--- Input ---

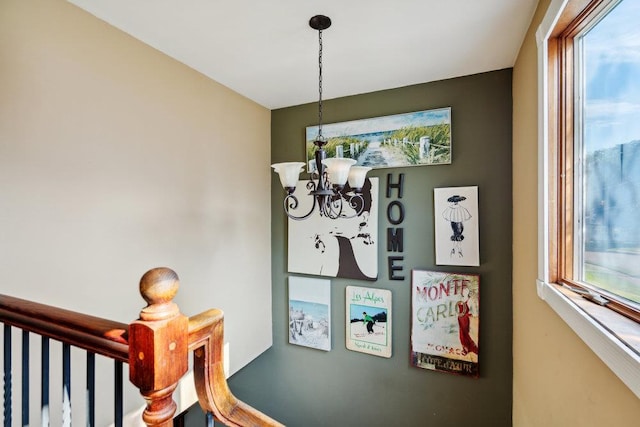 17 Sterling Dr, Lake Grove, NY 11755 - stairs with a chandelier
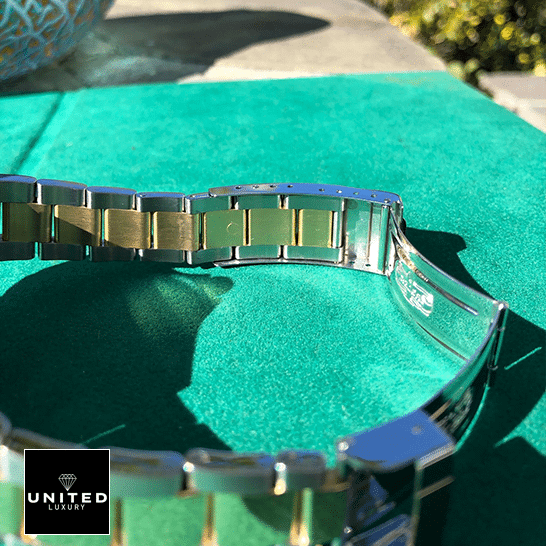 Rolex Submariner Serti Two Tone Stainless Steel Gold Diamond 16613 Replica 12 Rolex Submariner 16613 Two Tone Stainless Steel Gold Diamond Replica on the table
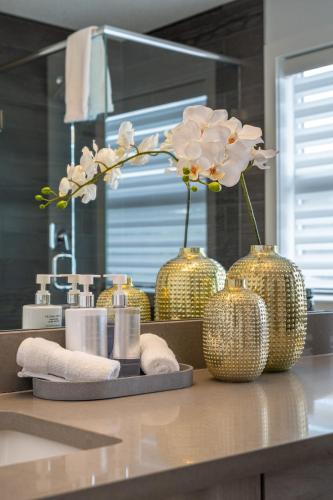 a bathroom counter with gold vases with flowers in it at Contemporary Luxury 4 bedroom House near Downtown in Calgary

---
--- Input ---

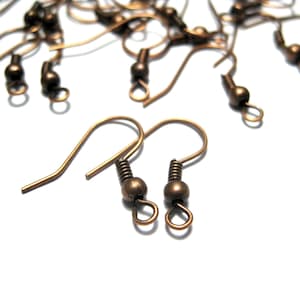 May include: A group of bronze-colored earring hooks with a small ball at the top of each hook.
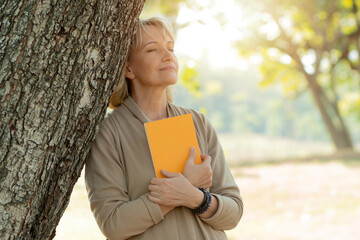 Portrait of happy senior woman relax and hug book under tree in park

---
--- Input ---

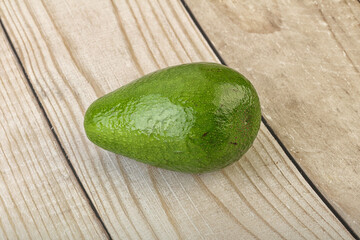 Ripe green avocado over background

---

• Problem requirements
In the listing above, find the line with "May include: A" and output it and every line after it up to and including the line with "Portrait of happy", exactly, minus the pictures.

• Task output
 May include: A group of bronze-colored earring hooks with a small ball at the top of each hook.
 Portrait of happy senior woman relax and hug book under tree in park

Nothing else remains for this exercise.